To do:
Go through the data below and repeat it exactly, skipping each picture.

Given information:
== Segment start ==

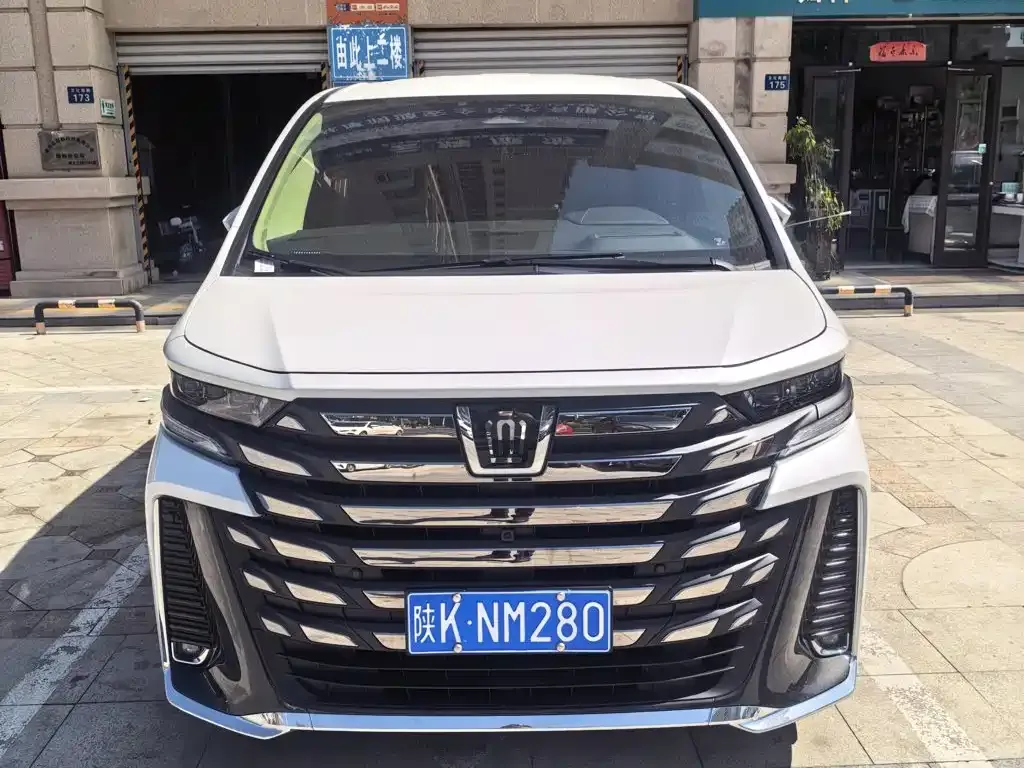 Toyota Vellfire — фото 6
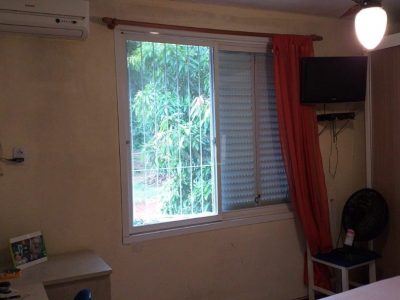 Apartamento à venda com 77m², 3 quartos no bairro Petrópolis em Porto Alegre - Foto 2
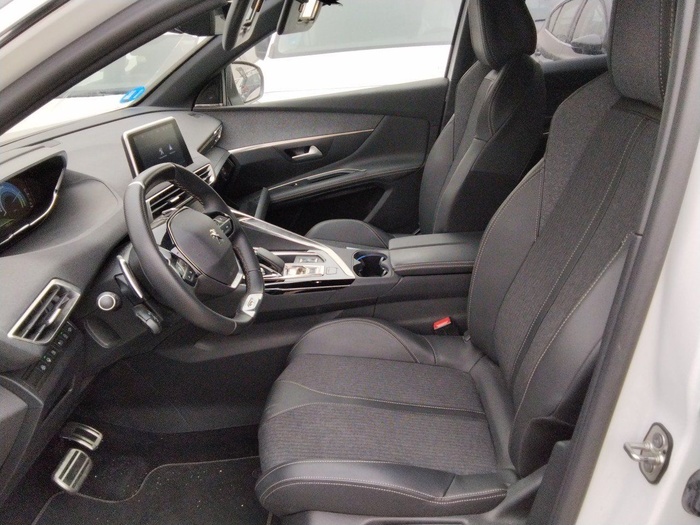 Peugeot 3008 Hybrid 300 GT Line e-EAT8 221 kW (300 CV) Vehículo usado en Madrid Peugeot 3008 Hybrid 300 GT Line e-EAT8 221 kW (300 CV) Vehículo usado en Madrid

== Segment end ==

Result of the exercise:
 Toyota Vellfire — фото 6
 Apartamento à venda com 77m², 3 quartos no bairro Petrópolis em Porto Alegre - Foto 2
 Peugeot 3008 Hybrid 300 GT Line e-EAT8 221 kW (300 CV) Vehículo usado en Madrid Peugeot 3008 Hybrid 300 GT Line e-EAT8 221 kW (300 CV) Vehículo usado en Madrid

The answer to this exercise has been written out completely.